Sometimes it’s hard not to employ a cliché. Like the way people say, ‘He was the nicest guy I knew. No one ever saw him bitch about anyone, be angry or rude.’
He was one of the nicest people I ever knew. He was kind, intelligent, wildly funny, and a brilliant musician. I had known him for 15 years. He sat at the back of the class and drew absurdly funny doodles.
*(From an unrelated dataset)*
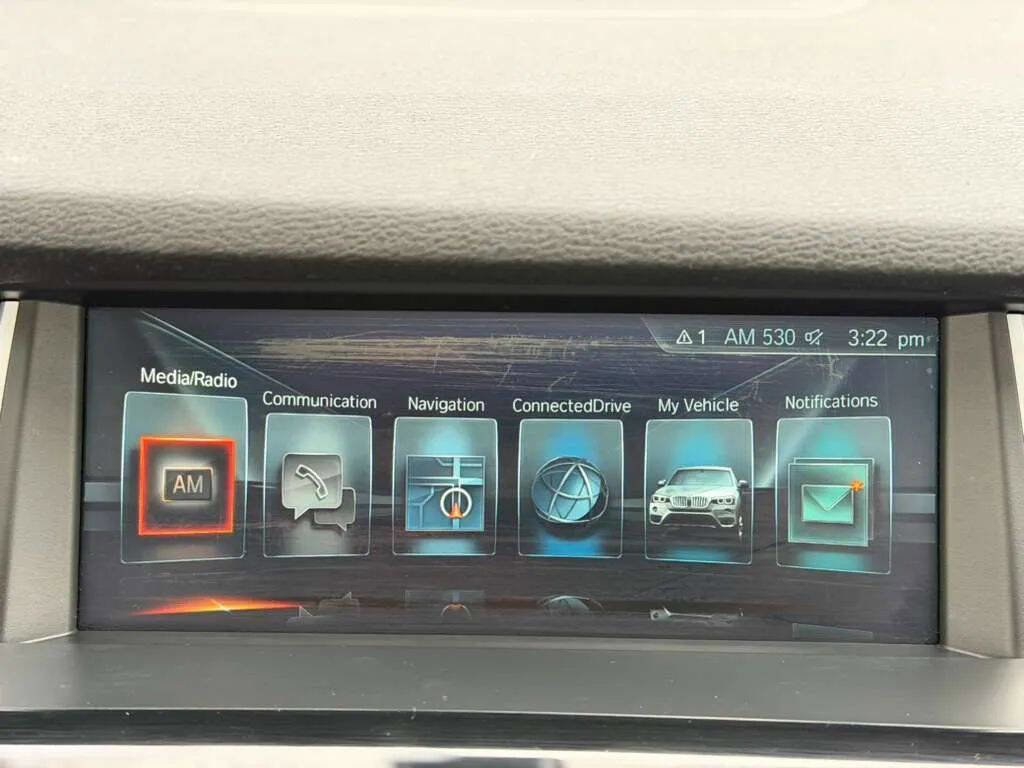 Used 2017 BMW X3 xDrive28i image 16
He was the definition of cool when we saw him on stage, wearing that hat low over his eyes and spinning those drumsticks like a magician. Thirteen years ago, he lent me his Nevermind cassette.
I last saw him at a party more than a year ago. He had recovered from a bone marrow transplant and was laughing his infectious, high-pitched laugh like he used to.
The there was the horrible banality of the relapse. I went to Mumbai specifically to see him. I didn’t. Maybe I was scared. The chemo had already begun, again. Maybe it was because the hospital was 2 hours away, and it was raining like the end of the world. Not enough to stop me from going to pubs in the middle of the night, though. I suppose you don’t always get the friends you deserve.
The second transplant was too much for his frail body. I imagine it would be for anyone.
No. I can read Pulitzer-winning books about it. I can read articles about how targeted gene-therapy is revolutionizing medicine. But I can’t imagine.
A month ago, I wrote to him. I asked him if he could meet. He never replied.
In the end, he was surrounded by people who loved him. I hope that gave him some solace, some joy. And I hope I never forget.